Experimental Archaeology– How Will It Help?

I’m at the point in my research now where I can’t understand how anyone could think that the method I’m researching wasn’t used in the 15th century. It may have been one of several methods, but not used at all? Impossible? I suppose it’s like how “pink isn’t period” or “They didn’t have buttons back then.” Someone starts a strange rumour, it gets passed around as fact until everyone believes it and then when someone actually does the research they find that the common knowledge isn’t the case and they feel pretty stupid for believing it in the first place.

My understanding of experimental archaeology is that you construct a hypothesis and then test it with practical experiments. In essence it’s applying the scientific method to reconstruct the past where the records and material culture can’t tell us what we want to know. For example, if you’re digging up a bunch of arrows and your fellow archaeologists are speculating that these were used for hunting as they “aren’t strong enough” to pierce the amour of the time so therefore wouldn’t be used in warfare. Sure you can use an electron microscope to analyse trace elements, you can look at their context in the ground, you can look at paintings and read literature but there’s another way. You can make some bows and arrows using the same materials and techniques, make some amour using the same materials and techniques and then put that amour on some ballistics jelly or a pig carcass and take some pot shots at it.

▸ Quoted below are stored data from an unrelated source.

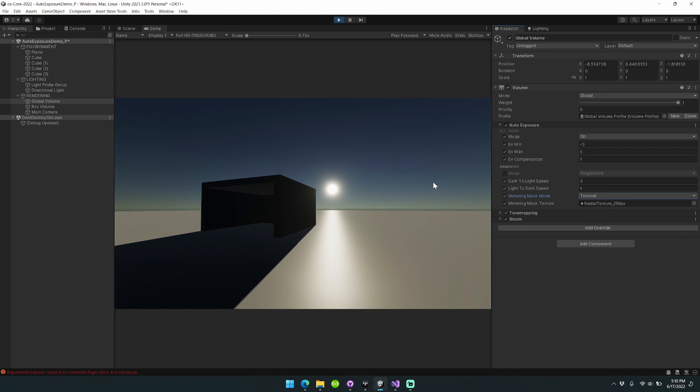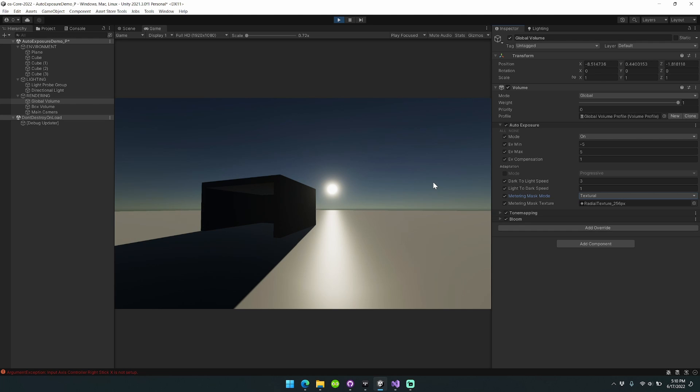The textural metering mask mode is a new option that's been introduced to allow you to have additional customization tools in your arsenal when you're setting up the Auto Exposure functionality. If you want something very specific as opposed to just a radial texture, like a spot texture or even a dusty grunge texture, that's now available with the latest release.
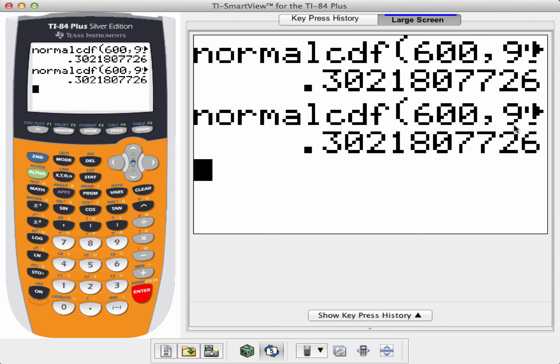All right, that's how you use normal CDF on the TI-84 calculator. God bless you, wherever you are today.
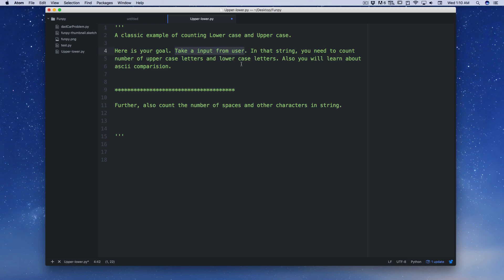In the old days when we used to write code in C and C++, this was a very typical task because you had to convert everything into ASCII values and compare the ASCII values for uppercase A to Z and lowercase a to z. That's a method I never liked. Luckily, coding in Python is much simpler and more awesome, so we're going to do that.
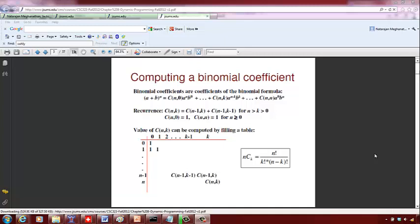Hello students, now we are going to look at how to compute a binomial coefficient. If you are given a plus b rise to n, this is a binomial series.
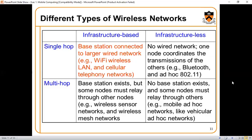Each access point will have its own unique SSID. Here you can see the difference between node one, which is a single hop, and node two. This illustrates the difference between infrastructure-based and infrastructure-less networks in the perspective of single hop and multi-hop.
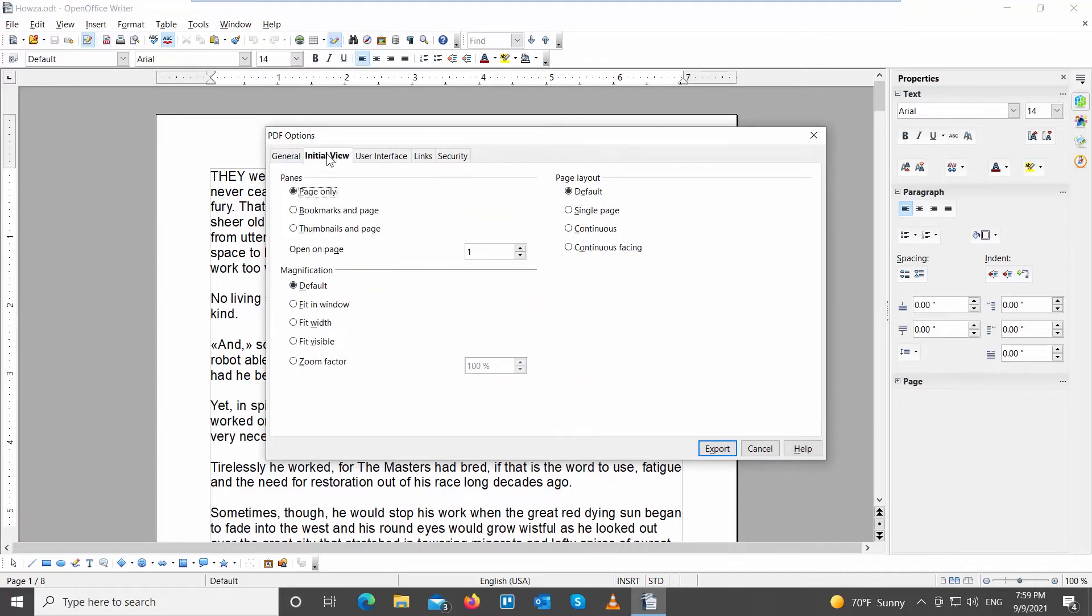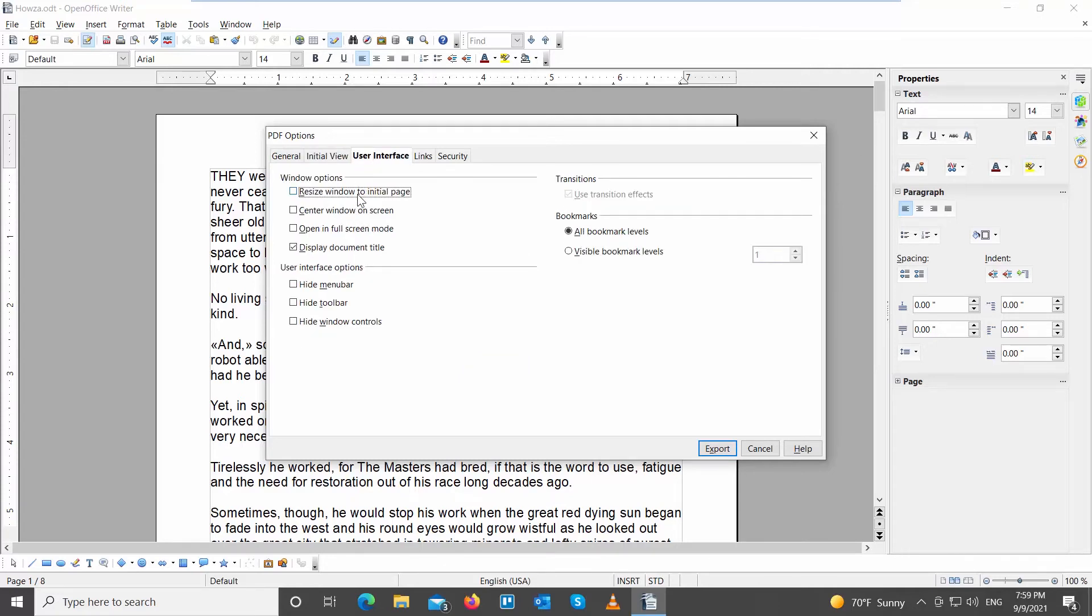Go to Initial View Page. Look through Panes and Magnification options. Check the options that you want to keep. Go to User Interface. Look through Window and User Interface options. Choose the ones you want to keep.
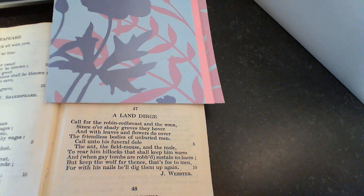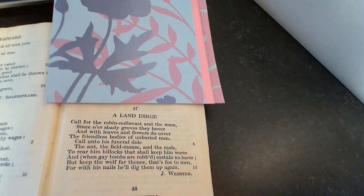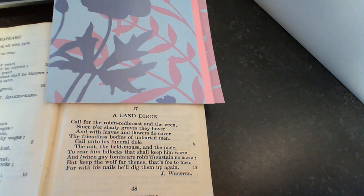Call for the robin redbreast and the wren, since our shady groves they hover, and with leaves and flowers do cover the friendless bodies of unburied men.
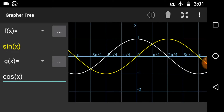Hi friends, this is Lalith Vasist and you are watching Engineering Made Easy. Today we will draw and analyze the graphs of sin x plus cos x, modulus of sin x plus modulus of cos x, and the graph of modulus of sin x plus cos x. So watch carefully.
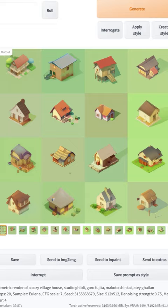Once I find a style I'm happy with, I can turn down the denoising strength to more closely match the original shape — and there's my concept art.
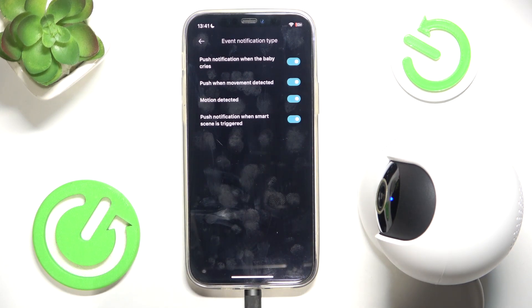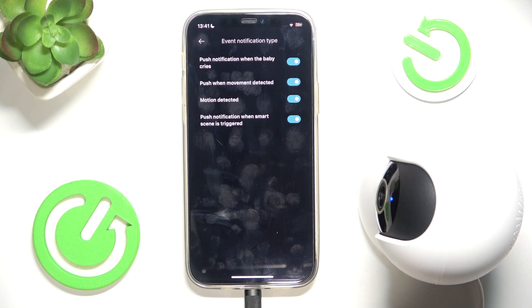You can also set the event notification type, so you can enable or disable push notifications when the baby cried, push when movement is detected, motion detected, and push notification when the Smart Scene is triggered.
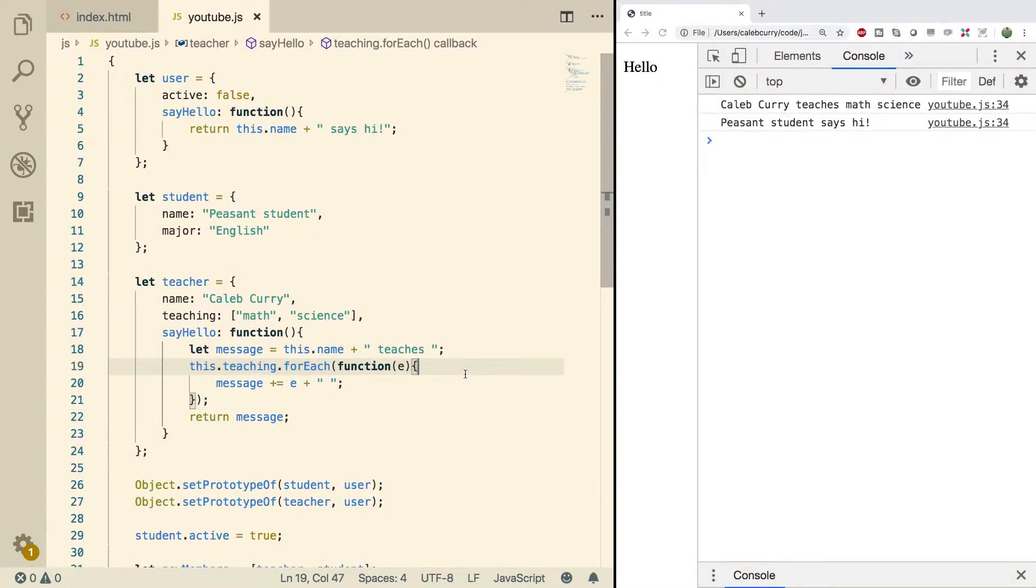Hey, what's going on everybody? Welcome back to your JavaScript tutorial series. This video, we're going to be talking about prototypes of a function.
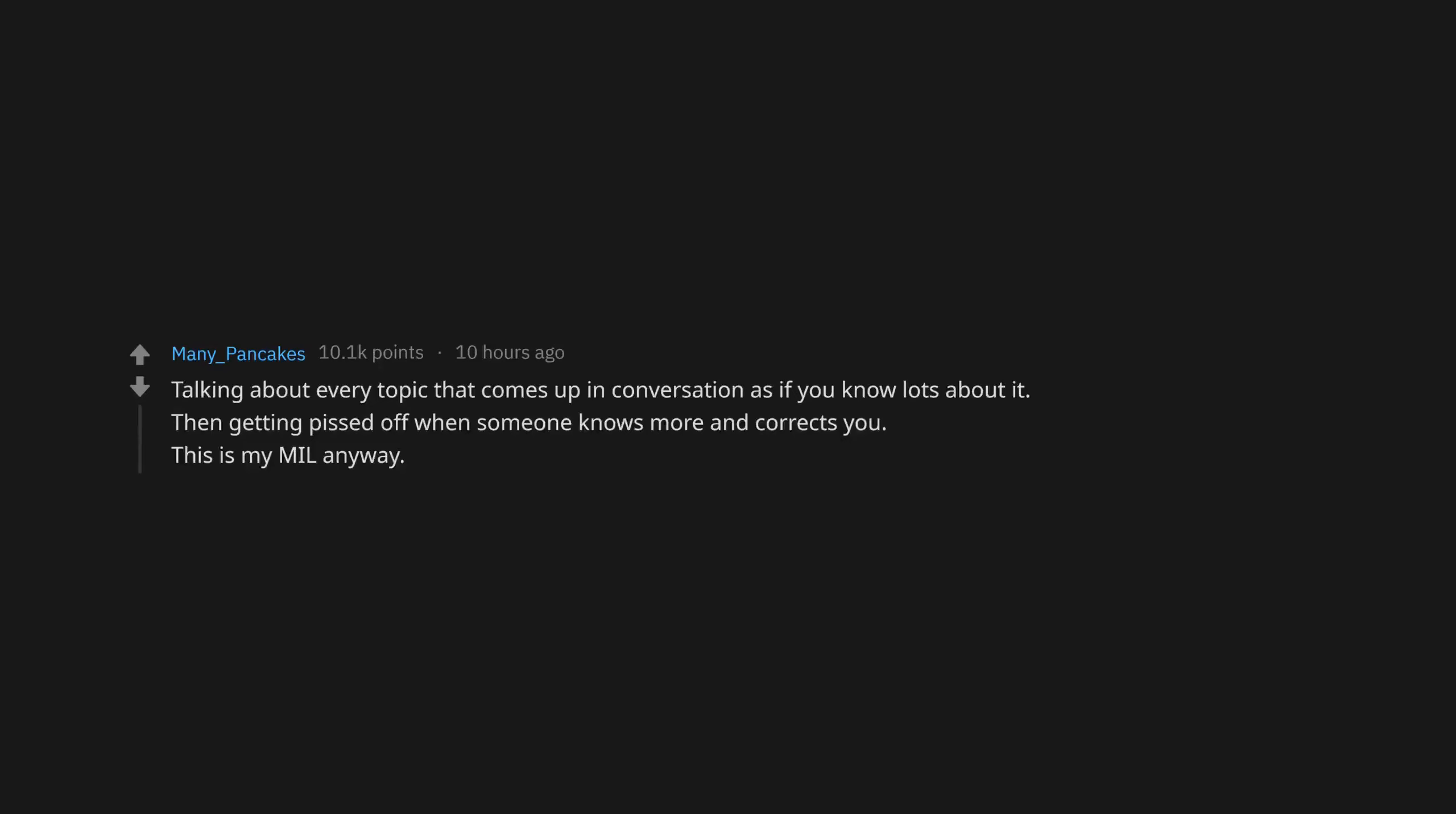What screams I'm uneducated? Talking about every topic that comes up in conversation as if you know lots about it, then getting pissed off when someone knows more and corrects you.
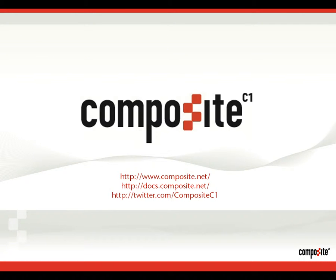You can read more about Composite C1 on our website and our documentation site, or follow us on Twitter. Thanks, we'll catch you next time.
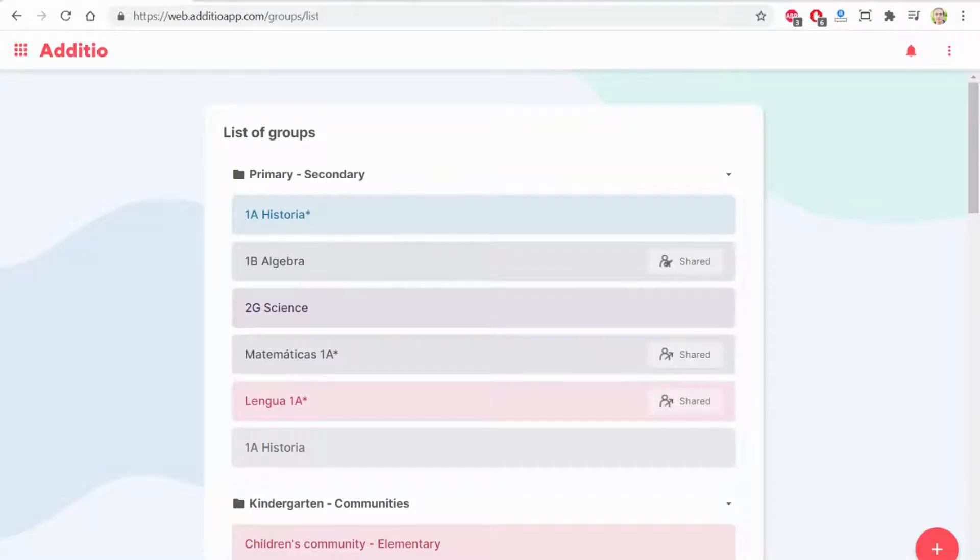Hi, welcome to a getting started tutorial of Adityo. Now I am on the teacher account.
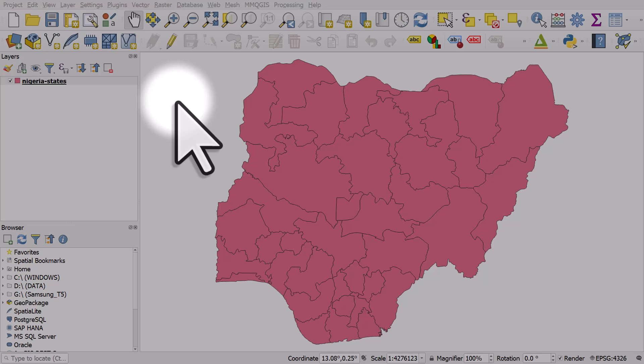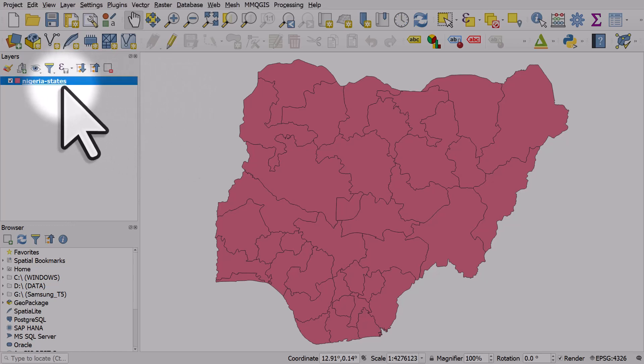This is how you save a layer to a different file format in QGIS. On screen now I have a GeoPackage layer of Nigerian states.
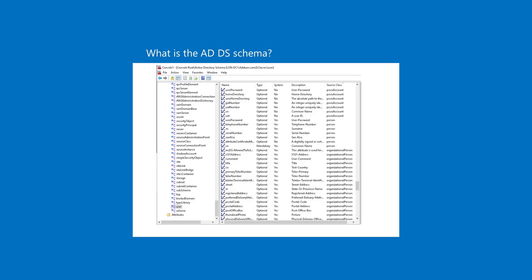Because objects store data in a rigidly defined format, ADDS can store, retrieve, and validate the data that it manages, regardless of which application supplies it. Relationships among objects, rules, attributes, and classes.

I know which sounds more fun to me.

Many re-enactors would wonder at what experimental archaeology has to do with discovering how they spun in the 15th century. The reason for this is the majority of re-enactors you see spinning use a modern-styled drop spindle made out of period materials and use it in the modern drop spindle method. Note when I say modern I don’t mean it’s recent– it dates back to well before the 15th century– just that it is the current method most westerners are familiar with. Why do they use a modern spindle? Medieval ones don’t spin well. The whorls have their mass distributed close around the central spindle which gives them a short, fast spin. Drop spinning is most easily done on a whorl weighted to the rim to give a long, slow spin. Another thing that baffles me. Re-enactors will pick up a replica spindle, notice that it doesn’t spin well and rather than questioning that perhaps they span it differently back then they trade it in for a more modern-weighted one so it’s easier and then try to prove that the way they’re doing it is the only way it was done back then. The experimental archaeology for me come in when I make some spindles in the 15th century style and experiment with spinning them. My spinning technique will be based on a combination of what I can see in the medieval images and what I can see in videos of more modern women (no videos in the 15th century, sadly!)  where their spinning technique produces the same hand positions as in the medieval images.

 

My next step is to order supplies! Yay! Shopping!